In health this means three interlinking components. Firstly, education. Health literacy is discussed in detail under the heading of ‘knowledge’ but while increased health literacy enables the citizen/patient to be a more effective active participant in their health management, education has to be two-way, something often overlooked by traditional-thinking healthcare professionals. Healthcare staff also need training in skills to promote rather than to inhibit empowerment, just as they need training in digital literacy (also dealt with under the ‘knowledge’ heading). There is now a huge literature on self-management in chronic diseases (mainly the ‘big three’ of diabetes, cardiac and circulatory disorders and respiratory diseases such as COPD and asthma). A review of systematic reviews in this area allows us to identify which approaches are most effective (see the PROSTEP project, completed 2018 and the current COMPAR-EU project, both funded by the European Commission).

EHFF is overseeing a three year project funded by the Robert Bosch Foundation to establish a European Centre for the empowerment of patients and communities
Citizen and professional relationships
If education and self-management skills are two pillars of patient empowerment, the third is joint decision-making.

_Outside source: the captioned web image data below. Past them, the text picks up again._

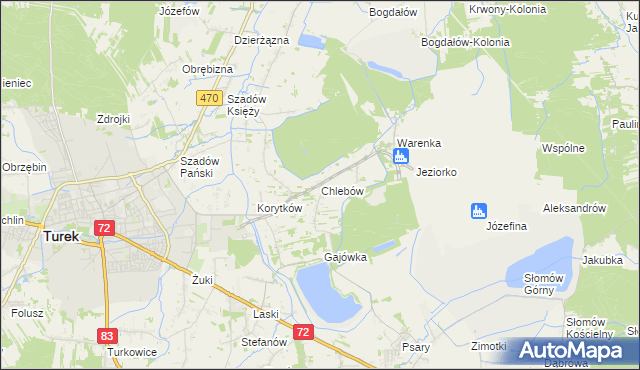 mapa Chlebów gmina Turek, Chlebów gmina Turek na mapie Targeo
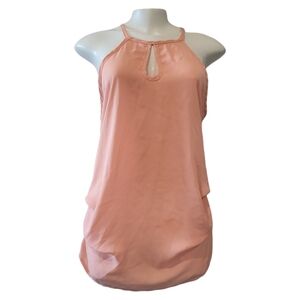Papaya pink tank top halter neck square neckline flirty fun summer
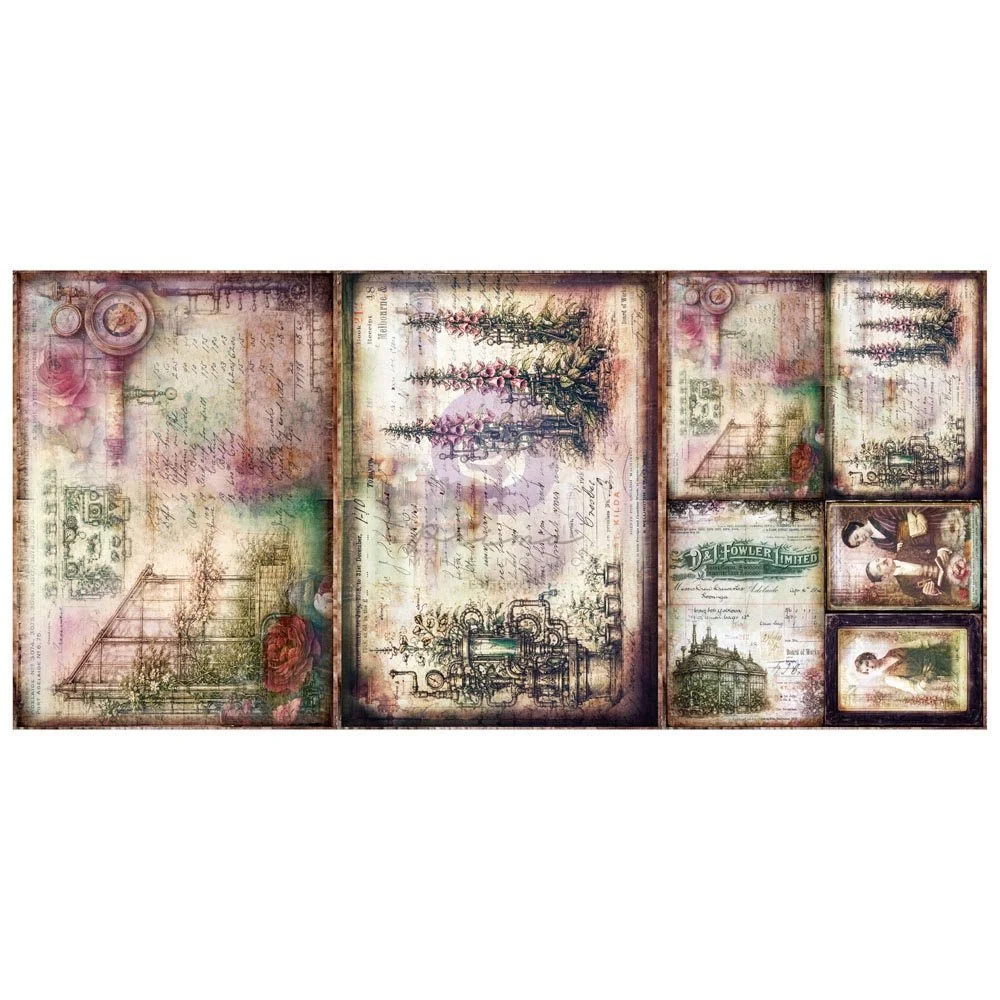 Finnabair A3 Decoupage Fiber Paper Set – Mechanical Orchard – 3 sheets, 11.7″x16.5″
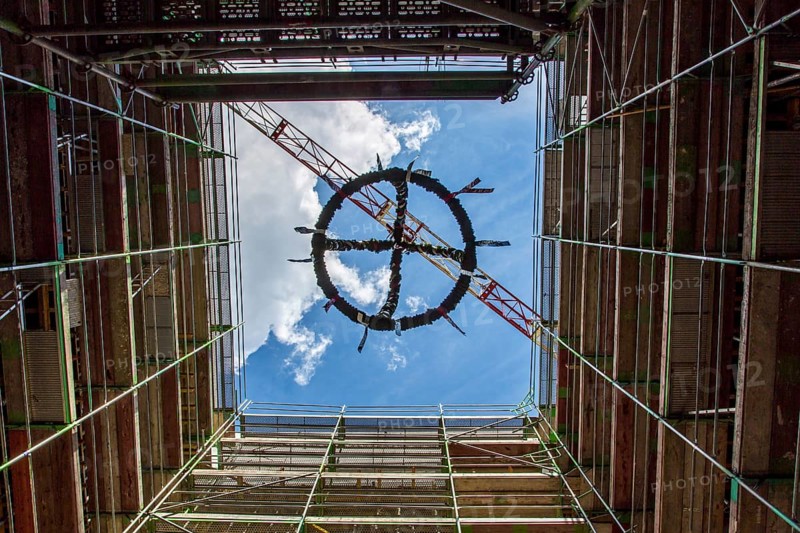 Topping-out ceremony in an office building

From the literature and from experience, this is the least well-developed of these elements in healthcare practiced currently in Europe. There are isolated examples of excellent practice in this arena, but the fundamental issue here is a shift in the power balance and an acceptance by professionals that an educated patient is entitled to make choices, including not to have a treatment or to demand more information to allow them to agree decisions with their carers about their own health and healthcare. Key issues here are fostering mutual respect and understanding in the relationship and in professionals having confidence in their own abilities sufficient to allow them to adjust to a changed inter-personal dynamic, inevitably easier for a younger generation of professionals perhaps than for an older one.
European Patients Forum
Self-care and wellness promotion
’A learned tool enabling people to maintain health and to cope with illness and disability. Along with better health literacy it also supports optimal and timely use of available health services while avoiding a total dependency upon them for minor ailments.’
Following completion of the project, after a year of discussion a new NGO, SCiE (self-care in Europe) was set up, based in Copenhagen, in June 2019.